# Perfect Little Girl



## Hauntiholik (May 17, 2006)

Here she is. The daughter I never had!
It may be hard to tell from the picture but I painted skull and cross bones all over the rocking horse.


----------



## Darkside (Aug 6, 2007)

Oh man how cool is that! nice


----------



## skeletonowl (Aug 8, 2006)

hahaha i like it! The crossbones are such pretty colors you don't even notice and then you look closer. It's great!


----------



## Moon Dog (Oct 3, 2006)

Awwww... she looks just like you!


----------



## Samhain (May 28, 2007)

That's cool. I have to know how you made it!


----------



## beelce (Jul 21, 2007)

She is cute....and wicked.


----------



## Bloodfeast (Oct 16, 2007)

that is great! i absolutely love what you did with the eyes!!


----------



## Hauntiholik (May 17, 2006)

I need to say that I can't take credit for the doll herself. I found her at Michaels and she's a Gemmy product. I added the tiara and rocking horse.
She was activated by a button on her arm which I've hacked so I can activate her from 20 feet away. I originally wanted her on a bicycle but I loved the idea of the skull and cross bones on the horse. I still have to make a rocking mechanism for it but I may save that for a later date.

She says 5 phrases.
1) You're not going in there are you? MUAHAHAHA!
2) I'd turn back if I were you! MUAHAHAHA!
3) I don't think you really want to come this way. MUAHAHAHA!
4) BEWARE! MUAHAHAHA!
5) This is not the direction you want to go!
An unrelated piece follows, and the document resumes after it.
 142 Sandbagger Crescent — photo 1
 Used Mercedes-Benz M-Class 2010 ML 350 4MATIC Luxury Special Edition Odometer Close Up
MUAHAHAHA! 

All of these phrases are perfect because she's going to be placed on the walkway up to the house.


----------



## Lauriebeast (Feb 27, 2007)

Very cool, Hauntie!


----------



## joker (Sep 25, 2007)

Very cool indeed! If I had space left I'd get one myself.

Nice touch with the horse


----------



## CreepyCanmore (Mar 27, 2007)

That's great. Cute and creepy all in one horrible little bundle.


----------



## pyro (Oct 7, 2006)

nice i love it


----------



## NickG (Sep 12, 2006)

I thought the doll was great except for the push button activation - glad you found a way around it! She's pretty creepy... the horse is great.


----------



## slightlymad (May 25, 2006)

Now thats my kinda kid


----------



## Ghostess (Aug 21, 2005)

She's so sweet ..... wickedly sweet! Love it!


----------



## Amarande (Nov 4, 2007)

She's very, umm, cute!
Love her and her horse.


----------



## Frighteners Entertainment (Jan 24, 2006)

I love it!


----------



## Lilly (Jun 13, 2006)

thats good ...
all the pretty colors are deceiving ..haha


----------



## slimy (Jul 12, 2006)

Consider this stolen.


----------



## Death Master (Jul 1, 2007)

Very nice, and yes you should animate it, that would top it off.


----------



## HalloweenZombie (Jul 22, 2007)

You found that at Michael's? How'd I miss that one? Nice find! My daughter would have loved that.


----------